UPDATED: Since the original time of writing the 'Dumb Ways To Die' YouTube clip has surged yet again. As of 1pm today (20 November 2012) the video has been viewed over 9.5 million times.
ORIGINAL STORY: Metro Trains Melbourne's viral 'Dumb Ways To Die' campaign has
gained another three million views overnight and now has over eight
million hits, with creatives citing its catchy theme song and
kids-style visuals as keys to its success.
The ad aimed to push the message of safe behaviour around trains by listing a number of "dumb ways to die", including unsafe behaviour around trains and baiting a piranha with one's genitals. It showed animated characters engaging in dangerous behaviour and the consequences of their actions, such as catching on fire and being cut in half.

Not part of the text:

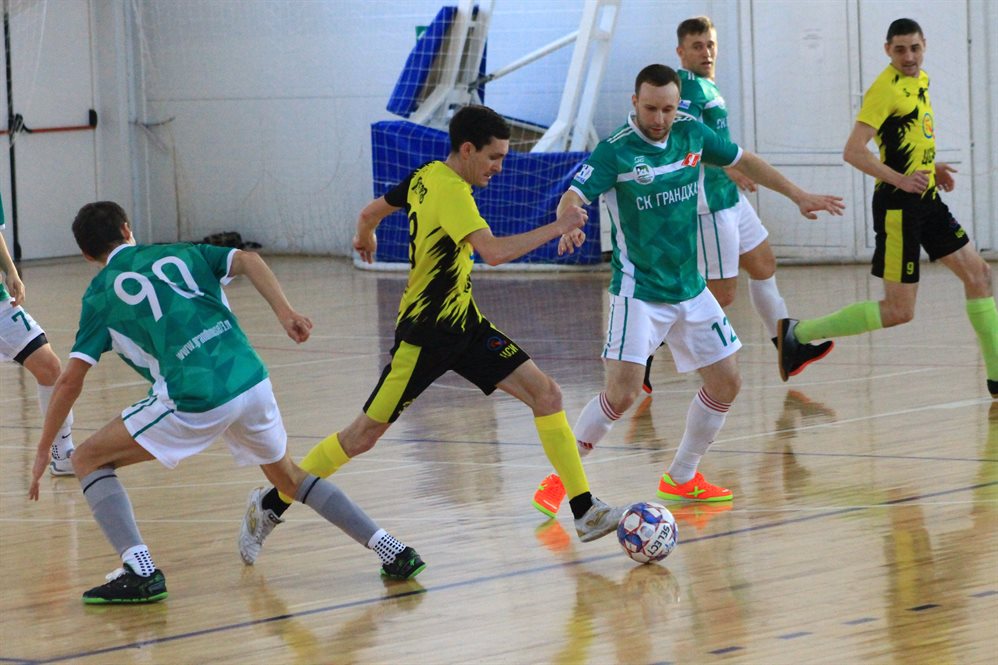 Ульяновский мини-футбол остался без болельщиков, но с жаркой борьбой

It was accompanied by a theme song discussing the differing ways to die, which was available for download from the iTunes store or via the campaign's website.
Created by McCann for Metro Trains Melbourne, the ad is just one part in the campaign which is currently running across press, radio, Tumblr, transit and out-of-home.
In just 24 hours, the song had reached the Australian Top 10 iTunes chart and was placed sixth on the global chart over the weekend. Yesterday, it had just under five million views but has since gathered another three million overnight and now has over eight million hits.
Arnold Furnace managing director Tony Singleton told AdNews: "I think there’s a charm to it. The animation, the style, the non-political connectedness of the ad, that appeals to people. Its also probably been successful because of its difference of the kids-style visuals versus the serious subject matter.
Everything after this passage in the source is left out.